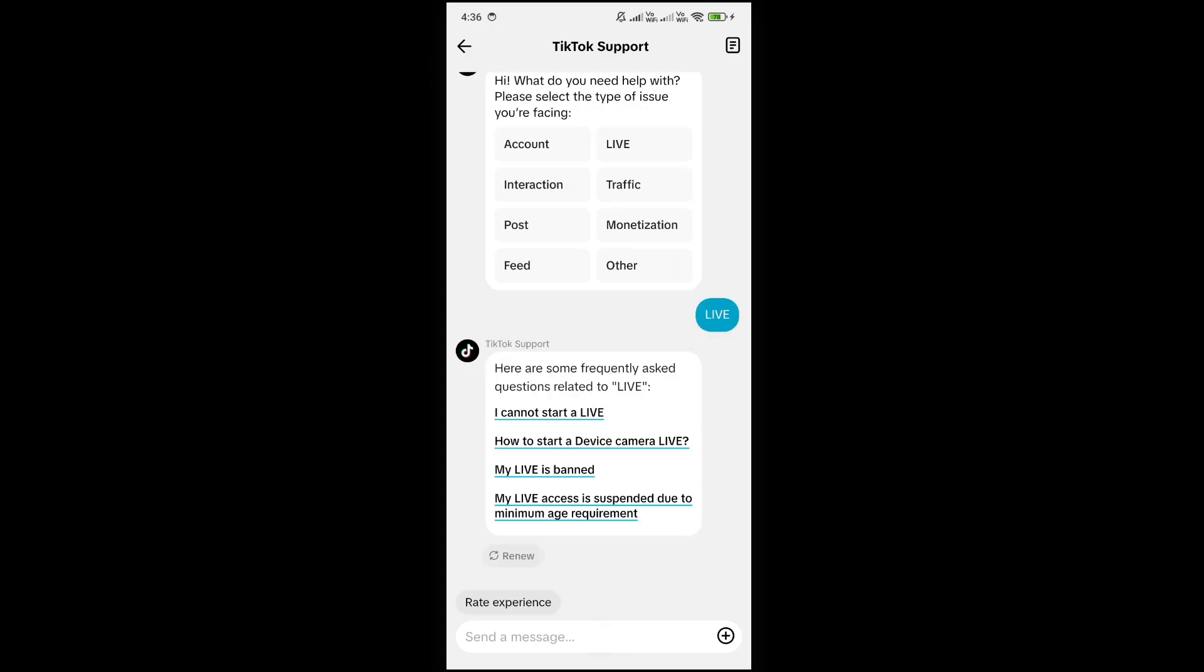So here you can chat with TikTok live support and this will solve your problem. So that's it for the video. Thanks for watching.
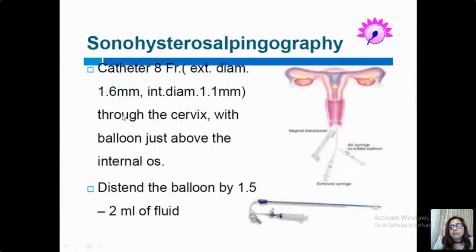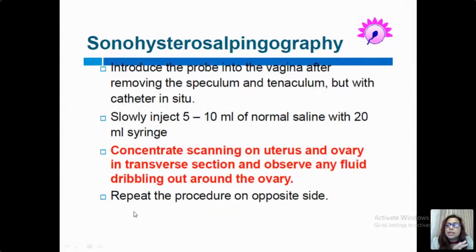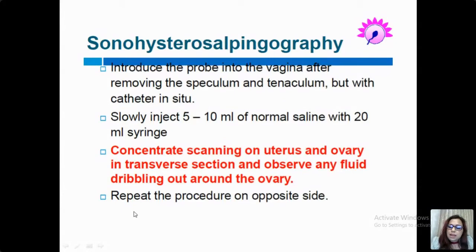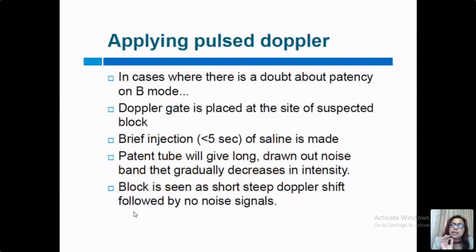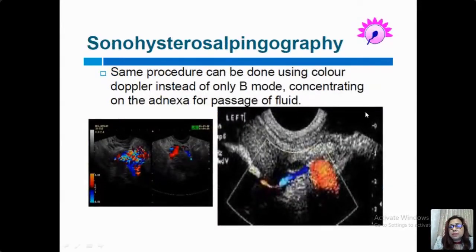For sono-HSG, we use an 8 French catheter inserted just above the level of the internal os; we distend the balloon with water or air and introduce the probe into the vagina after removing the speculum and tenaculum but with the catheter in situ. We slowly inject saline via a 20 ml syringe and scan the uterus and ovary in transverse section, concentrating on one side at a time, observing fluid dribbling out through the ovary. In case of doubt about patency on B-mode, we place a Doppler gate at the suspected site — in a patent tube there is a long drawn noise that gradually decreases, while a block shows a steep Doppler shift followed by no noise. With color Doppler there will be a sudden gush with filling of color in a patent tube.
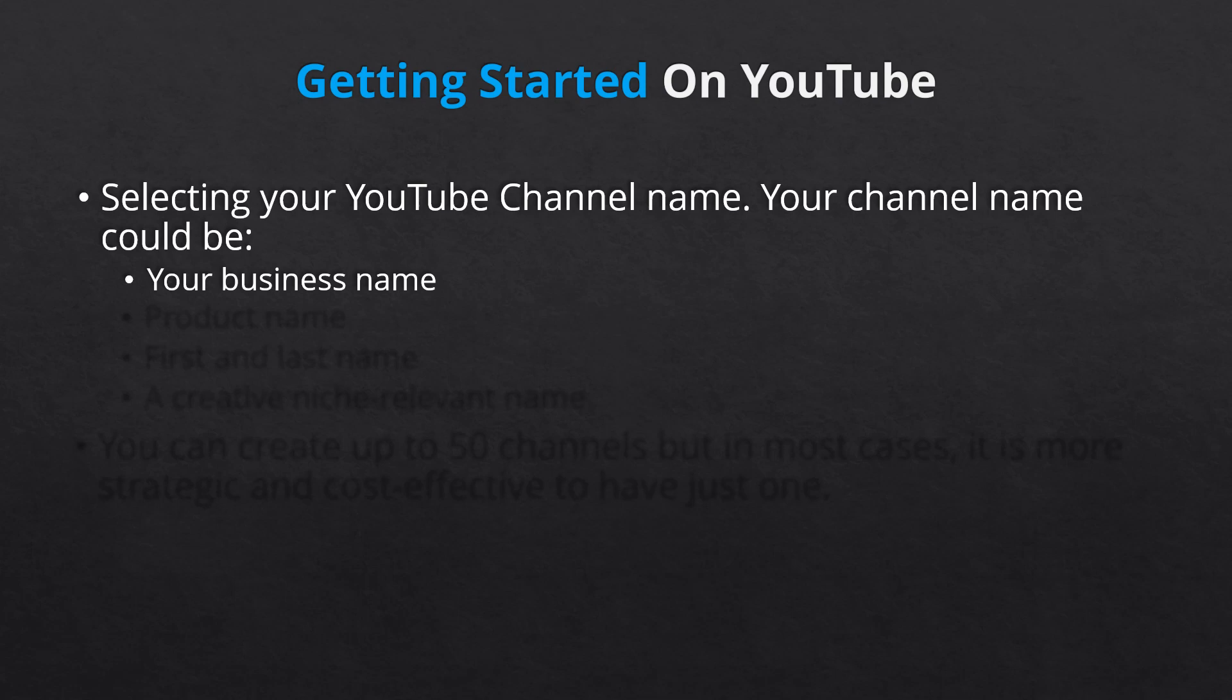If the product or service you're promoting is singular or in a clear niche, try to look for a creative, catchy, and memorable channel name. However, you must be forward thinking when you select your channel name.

---+---

* **WORK REQUIRED**: Return the lines above exactly; the images are not part of the copy.

* **SOLUTION TO THIS PROBLEM**:
So here you can chat with TikTok live support and this will solve your problem. So that's it for the video. Thanks for watching.
For sono-HSG, we use an 8 French catheter inserted just above the level of the internal os; we distend the balloon with water or air and introduce the probe into the vagina after removing the speculum and tenaculum but with the catheter in situ. We slowly inject saline via a 20 ml syringe and scan the uterus and ovary in transverse section, concentrating on one side at a time, observing fluid dribbling out through the ovary. In case of doubt about patency on B-mode, we place a Doppler gate at the suspected site — in a patent tube there is a long drawn noise that gradually decreases, while a block shows a steep Doppler shift followed by no noise. With color Doppler there will be a sudden gush with filling of color in a patent tube.
If the product or service you're promoting is singular or in a clear niche, try to look for a creative, catchy, and memorable channel name. However, you must be forward thinking when you select your channel name.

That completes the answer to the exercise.